_WORK ORDER_: Skip the pictures and restate, word for word, the lines from the one containing "In this way" to the end of the data below.

_THE DATA_:
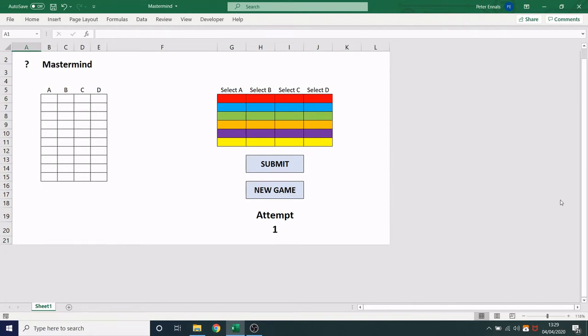This is my version of Mastermind the board game built in Microsoft Excel using VBA. Essentially the rules of the game, which I've also linked in the description, are there is a hidden code for you to crack and the code is four different colors.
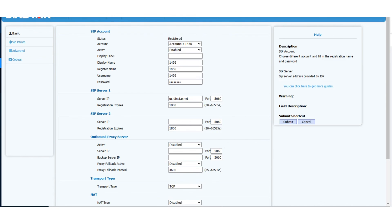If the RP phone is registered, you can call other extensions that are registered to RPPBX. The basic configuration is done. If you want to get more details, please contact official technical support.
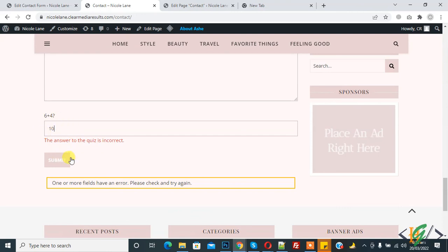In this way you will stop spam in Contact Form 7 with quiz option. I hope you like it. If you like this video, please like, comment, share, subscribe. Thank you for watching.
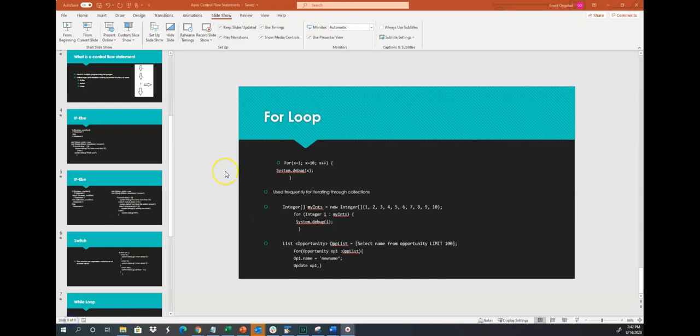All right, that's all I have for control flow statements. Remember, our control flow statements are if else, switch, and loops. Thank you. Have a great day. And remember, if you like the video, please like and subscribe.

_RESPONSE BELOW_:
In this way you will stop spam in Contact Form 7 with quiz option. I hope you like it. If you like this video, please like, comment, share, subscribe. Thank you for watching.
All right, that's all I have for control flow statements. Remember, our control flow statements are if else, switch, and loops. Thank you. Have a great day. And remember, if you like the video, please like and subscribe.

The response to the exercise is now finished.